“The philosopher who leaves us no better off than we were” is a familiar enough comic figure. In some ways, he—generally he—is an excuse: a culture’s self-absolution from doing its homework. In this way he resembles “the batty feminist” or “the modern artist who paints like my kid.” All these types are, on occasion, real enough, but no more so than, say, “the contractor who takes your money, knocks down a single wall, then skips town, seemingly forever,” or “the small-business owner who drinks and yells at the TV all day.” Civilization is, on all sides, an unfulfilled promise.

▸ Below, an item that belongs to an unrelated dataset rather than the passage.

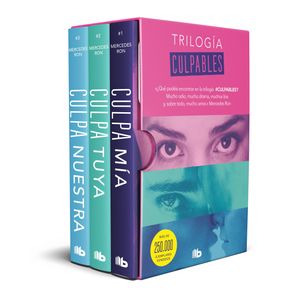 TRILOGIA CULPABLES - ESTUCHE CON 3 LIBROS - RON MERCEDES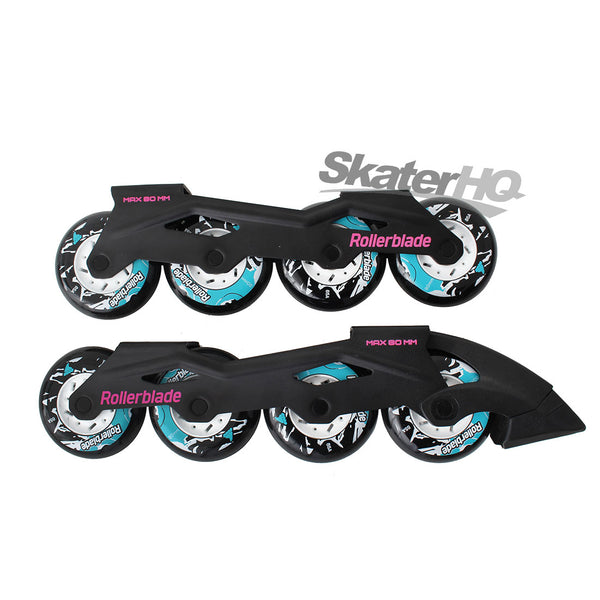 Rollerblade RB Cruiser Frame & Wheel Set - Skater HQ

In any case, I want to say, directly and unambiguously, that reading the English moral philosopher Mary Midgley, who died October 10 at the age of 99, made my life better. First of all, reading her books brings deep pleasure. She had a pellucid prose style, a quick mind, a dry wit. Watching her bring clarity and order to complex ideas was like watching a great athlete’s momentary triumph over entropy. In particular, she was a master of concision. On the value of the humanities: “We spend much of our time living out the dreams of others, a fact which makes it worthwhile to understand them.” On epistemology and emotion: “Heart and mind are not enemies or alternative tools. They are complementary aspects of a single process.” On cloning: “What would-be cloners are probably really seeking is not resemblance but identification—extension of their own egos. This is a bad basis for any relation with a child.” On the futility of efforts to reduce all problems to “practice” rather than “theory”: “Philosophy, like speaking prose, is something we have to do all our lives, well or badly, whether we notice it or not. What usually forces us to notice it is conflict.” On Descartes’s view of animals: “Animals are not machines.… Actually only machines are machines.” On kestrels: “The world in which the kestrel moves, the world that it sees, is, and always will be, entirely beyond us. That there are such worlds all around us is an essential feature of our world.”
Her writing was profound but rarely technical; she trained her sights on general problems. She credited the development of her approach in part to the dearth of men in wartime Oxford, where she did her undergraduate work alongside Philippa Foote, Elizabeth Anscombe, Iris Murdoch, and Mary Warnock:
The trouble is not, of course, men as such—men have done good enough philosophy in the past. What is wrong is a particular style of philosophising that results from encouraging a lot of clever young men to compete in winning arguments. These people then quickly build up a set of games out of simple oppositions and elaborate them until, in the end, nobody else can see what they are talking about.… It was clear that we were all more interested in understanding this deeply puzzling world than in putting each other down.
After Oxford, Midgley joined the civil service, started (but did not finish) a PhD, married and raised children with her husband, Geoff (also a philosopher), and, for decades, taught undergraduates, seeking, as Jane Heal quoted her as saying in The Guardian’s October 12 obituary, “to bring academic philosophy back into its proper connection with life, rather than letting it dwindle into a form of highbrow chess for graduate students.” Her success in doing so can be seen in a moving tribute by a former student, Giles Fraser, who wrote of her and Geoff, “Under their care, I grew up.”